Сейчас мое отношение к Перми изменилось, оно стало гораздо более спокойным. Раньше я считал, что потерял много времени, что очень поздно уехал в Москву, потому что провинциальная Пермь – это, конечно, не «Фабрика» Нью-йоркская Энди Уорхолла, – вот идеал, который я стремился достичь. Оказывается, по сути, в молодые годы я хотел стать Энди Уорхоллом – это если как-то внятно обозначить мои стремления юношеские. Но как раз об Уорхолле я узнал позже всего. Оказывается, мне хотелось быть художником акций, а не делателем новых вещей, мечталось вести публичный образ жизни, создавать перформансы культуры на виду у всех – туда, на мысленный Манхеттен указывала магнитная стрелка. Листая судьбу Уорхолла, я вижу карикатурные совпадения своей нищей пермской судьбы с его легендарной планидой. Например, мы с Хаскиным взяли в руки камеры в одно время с Уорхоллом, в 1963 году. И у него и у нас была любительская 16-мм. камера. Странно, но и принцип подглядывания у нас был общим, в 1963 году Уорхолл снимает свой легендарный фильм «Sleep», где неподвижная камера шесть часов снимает спящего человека. Мы же из засады подглядываем не один час, как разламывают стену собора... странно, но и интерес к поеданию пищи и жующим челюстям у нас тоже был общим, если судить по его фильму «Eat» (Еда). Но провинциальная Пермь – это вам не Нью-Йорк, это совершенно другая среда.

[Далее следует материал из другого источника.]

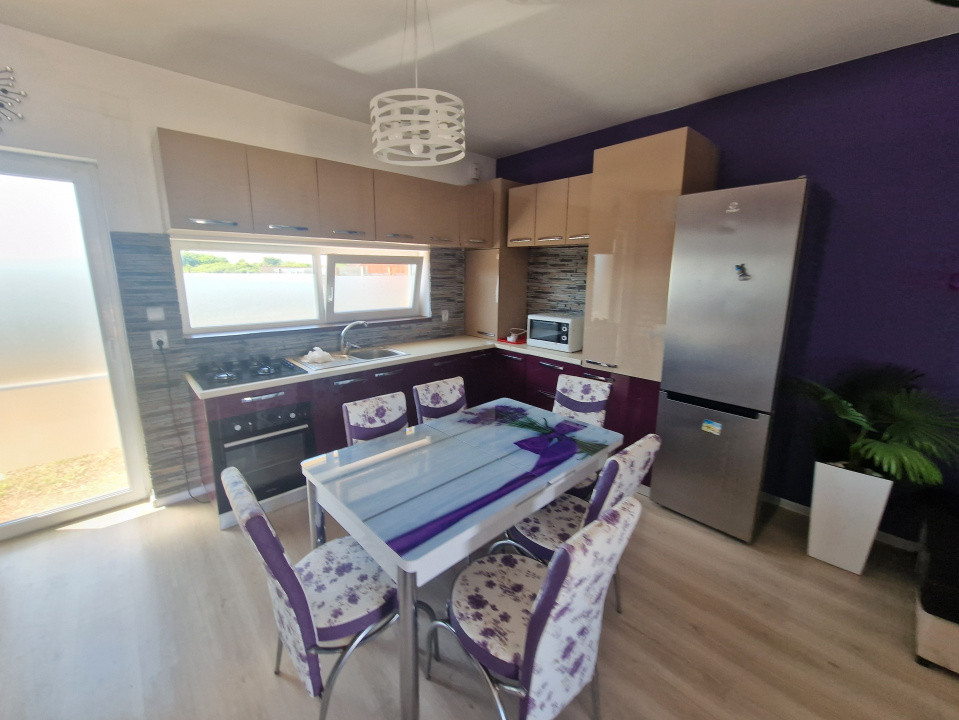Duplex cu 3 camere si teren de 250 mp in Bucovat 1, foxfort.ro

Приехав в Нью-Йорк из Питсбурга Уорхолл, занимаясь рекламой обуви «Miller», играючи заработал за несколько лет 100 тысяч долларов и только потом взял в руки любительскую камеру. Всего за пять лет он снял несколько сот короткометражек и более 150 фильмов, большинство которых шедевры андеграунда. Словом, я опоздал создать поп-арт. Не хватило духу настаивать на тотальном подполье. Не хватило пороху сделать искусство чистым перформансом, актом ежедневной гражданской подпольной войны. И жизнь меня развернула в скучную сторону, я стал российским литератором. Хотя, хотя... Энди уже мертв, а ты пока еще жив, и, может быть, еще не все потеряно так же бесповоротно, как юность. Как говорил Уорхолл, у каждого человека на Земле есть законное право на 15 минут славы. 

02.09.2002, дополнено 16.08.2003 (Пермь)



[5] «Крестовый поход против лета» – строчка из стихотворения В. Кальпиди «Пережить зиму», опубл.: Кальпиди В. Пласты. Свердловск, 1990. С. 148. 

[6] Об этом также см.: Королев А. Дракон. Указ. изд.